4. Não foram invocadas exceções nem requerida prova testemunhal, sendo as questões a decidir pelo tribunal exclusivamente de direito. Assim, em 16-11-2016, foi proferido despacho arbitral dispensando a reunião do artigo 18º e fixando prazo para alegações escritas, facultativas, a apresentar no prazo igual e sucessivo de 15 dias para cada uma das partes e foi fixada data para prolação da decisão arbitral até ao dia 28-02-2017. O Requerente veio aos autos, no prazo fixado para alegações escritas, com requerimento de 03.01.2017, renovar tudo o que alegara na PI. A Requerida não juntou alegações.

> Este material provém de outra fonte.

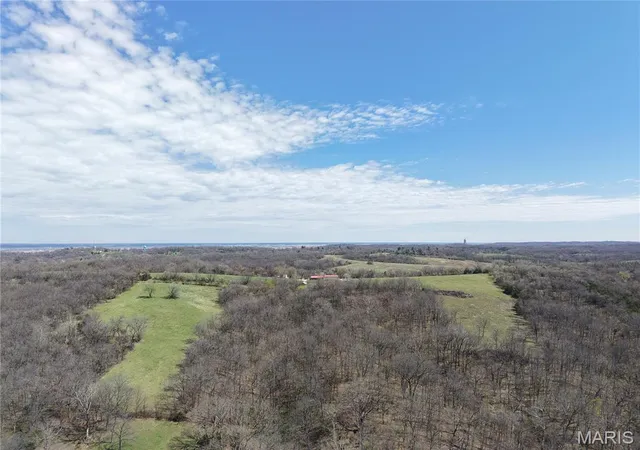5th image of 1806 Robinson, Hannibal, MO 63401 | MLS# MIS26020445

B) PRESSUPOSTOS PROCESSUAIS:
5. O tribunal arbitral foi regularmente constituído. As partes gozam de personalidade e capacidade judiciárias, são legítimas e estão representadas (artigos 4.º e 10.º, n.º 2, do mesmo diploma e artigo 1.º da Portaria n.º 112-A/2011, de 22 de março). O processo, não enferma de nulidades que impeçam o conhecimento do mérito da causa.

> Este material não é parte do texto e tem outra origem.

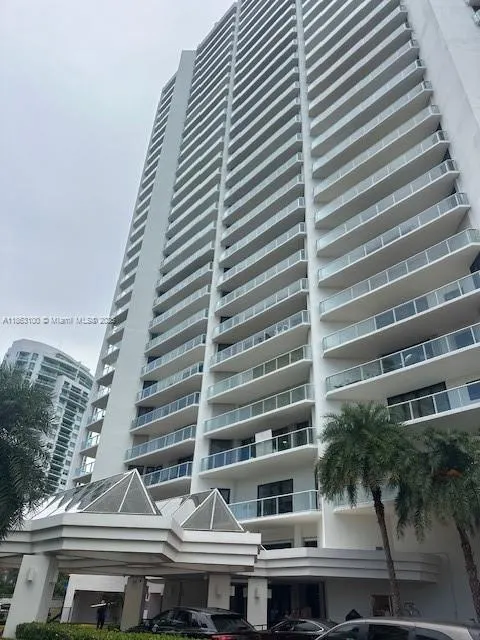 19500 Turnberry Way, #12E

6. Cumpre apreciar a matéria de facto relevante e decidir do mérito do pedido.
II. Matéria de facto
A) Factos provados
7. Com base nos elementos que constam do processo, junto aos autos, consideram-se provados os seguintes factos relevantes para a apreciação do mérito da causa:
a) O Requerente A… SA, adquiriu a fração autónoma designada pela letra “H”, destinada a habitação, do prédio urbano em regime de propriedade horizontal, sito na …, nº…, Freguesia …, Município da Amadora, descrito na … Conservatória do Registo Predial da Amadora sob o número … e inscrito na respetiva matriz urbana sob o artigo …;
b) O Requerente adquiriu na mesma data a fração autónoma designada pelas letras “AA”, destinada a habitação, em regime de propriedade horizontal, sito em …, freguesia de …, Município de Sintra, descrito na Conservatória do Registo Predial de … sob o número … e inscrito na matriz da referida freguesia sob o artigo…;
c) A aquisição das frações supra descritas em a) e b) foram adquiridas pelo Requerente no âmbito do processo de insolvência singular de B… e C…, que correu termos no Tribunal da Comarca da Grande Lisboa Noroeste, Sintra, Juízo de Comércio, sob o nº .../12.7T2SNT;
d) Os prédios em causa foram arrolados e apreendidos para a massa insolvente, e o Requerente adquiriu-os pelo preço de €142.000,00;
e) O Requerente apresentou a competente declaração de aquisição, no Serviço de Finanças competente, previamente à adjudicação dos prédios, para efeitos de liquidação do IMT e IS devidos, na qual fez constar a menção relativa à aquisição no âmbito de processo de insolvência, isenta por força do art. 270º, nº2 do CIRE;
f) Por força desta modalidade de aquisição, foi automaticamente reconhecida à Requerente a isenção de IMT prevista no artigo 270.º do Código da Insolvência e Recuperação de Empresas (“CIRE”), não tendo assim liquidado imposto com referência àquela operação;
g) A Requerente foi notificada em 01-10-2015, do ofício junto aos autos em anexo ao pedido arbitral como documento nº 1, o qual determina o pagamento do IMT em falta;
h) Esta notificação esclarece que, no entendimento dos serviços, houve uma incorreta aplicação da isenção em IMT no âmbito daquela operação, porquanto, está em causa a aquisição do imóvel no âmbito de um processo de insolvência de pessoa singular, e não estariam verificados os pressupostos necessários para a aplicação do n.º 2 do artigo 270.º do CIRE, que refere ao conceito de “empresa insolvente”;
i) Em 19-02-2016 o Requerente efetuou o pagamento do imposto liquidado;
j) Em 19-05-2016 o Requerente apresentou Reclamação graciosa, a qual foi indeferida com o fundamento já referido em h), tendo sido notificado do despacho de indeferimento definitivo em 04-08-2016, após prévia notificação em sede de direito de audição.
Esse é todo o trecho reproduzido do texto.